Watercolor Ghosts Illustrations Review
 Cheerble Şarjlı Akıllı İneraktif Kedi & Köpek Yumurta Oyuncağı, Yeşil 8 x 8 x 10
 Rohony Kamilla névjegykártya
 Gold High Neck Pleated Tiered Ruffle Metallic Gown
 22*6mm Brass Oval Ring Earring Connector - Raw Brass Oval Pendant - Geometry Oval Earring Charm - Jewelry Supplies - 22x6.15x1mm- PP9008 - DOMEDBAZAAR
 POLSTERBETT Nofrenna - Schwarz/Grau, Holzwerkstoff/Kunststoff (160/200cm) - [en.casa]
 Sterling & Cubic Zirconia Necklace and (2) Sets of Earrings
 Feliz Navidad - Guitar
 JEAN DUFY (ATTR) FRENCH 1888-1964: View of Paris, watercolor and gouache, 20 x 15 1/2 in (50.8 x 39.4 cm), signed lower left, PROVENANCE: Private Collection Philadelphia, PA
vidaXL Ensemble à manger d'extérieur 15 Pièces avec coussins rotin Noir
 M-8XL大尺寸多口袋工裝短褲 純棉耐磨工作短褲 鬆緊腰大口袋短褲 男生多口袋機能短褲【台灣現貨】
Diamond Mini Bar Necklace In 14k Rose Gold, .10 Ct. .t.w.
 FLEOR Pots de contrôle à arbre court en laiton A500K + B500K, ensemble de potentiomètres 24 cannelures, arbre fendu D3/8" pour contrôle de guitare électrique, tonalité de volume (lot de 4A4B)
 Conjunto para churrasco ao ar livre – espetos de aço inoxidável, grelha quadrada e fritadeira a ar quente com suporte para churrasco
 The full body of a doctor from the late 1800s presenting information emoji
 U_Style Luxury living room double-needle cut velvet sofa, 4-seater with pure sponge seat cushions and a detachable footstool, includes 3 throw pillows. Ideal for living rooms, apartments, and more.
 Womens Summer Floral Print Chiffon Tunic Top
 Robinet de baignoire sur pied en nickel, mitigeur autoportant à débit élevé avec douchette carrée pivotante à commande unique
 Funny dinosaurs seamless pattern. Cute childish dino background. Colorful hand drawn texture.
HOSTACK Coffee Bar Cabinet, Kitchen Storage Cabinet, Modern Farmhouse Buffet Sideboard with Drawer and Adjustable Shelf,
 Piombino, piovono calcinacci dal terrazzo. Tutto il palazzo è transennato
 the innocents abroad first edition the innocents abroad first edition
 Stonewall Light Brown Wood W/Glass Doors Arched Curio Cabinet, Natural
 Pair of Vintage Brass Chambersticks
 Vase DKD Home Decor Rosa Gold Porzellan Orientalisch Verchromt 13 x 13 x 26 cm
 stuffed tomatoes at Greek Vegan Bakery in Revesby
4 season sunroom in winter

————

Everything from the first line above up to and including the line that contains "The full body" should be printed exactly; please print only that.

Result of this exercise >>
Watercolor Ghosts Illustrations Review
 Cheerble Şarjlı Akıllı İneraktif Kedi & Köpek Yumurta Oyuncağı, Yeşil 8 x 8 x 10
 Rohony Kamilla névjegykártya
 Gold High Neck Pleated Tiered Ruffle Metallic Gown
 22*6mm Brass Oval Ring Earring Connector - Raw Brass Oval Pendant - Geometry Oval Earring Charm - Jewelry Supplies - 22x6.15x1mm- PP9008 - DOMEDBAZAAR
 POLSTERBETT Nofrenna - Schwarz/Grau, Holzwerkstoff/Kunststoff (160/200cm) - [en.casa]
 Sterling & Cubic Zirconia Necklace and (2) Sets of Earrings
 Feliz Navidad - Guitar
 JEAN DUFY (ATTR) FRENCH 1888-1964: View of Paris, watercolor and gouache, 20 x 15 1/2 in (50.8 x 39.4 cm), signed lower left, PROVENANCE: Private Collection Philadelphia, PA
vidaXL Ensemble à manger d'extérieur 15 Pièces avec coussins rotin Noir
 M-8XL大尺寸多口袋工裝短褲 純棉耐磨工作短褲 鬆緊腰大口袋短褲 男生多口袋機能短褲【台灣現貨】
Diamond Mini Bar Necklace In 14k Rose Gold, .10 Ct. .t.w.
 FLEOR Pots de contrôle à arbre court en laiton A500K + B500K, ensemble de potentiomètres 24 cannelures, arbre fendu D3/8" pour contrôle de guitare électrique, tonalité de volume (lot de 4A4B)
 Conjunto para churrasco ao ar livre – espetos de aço inoxidável, grelha quadrada e fritadeira a ar quente com suporte para churrasco
 The full body of a doctor from the late 1800s presenting information emoji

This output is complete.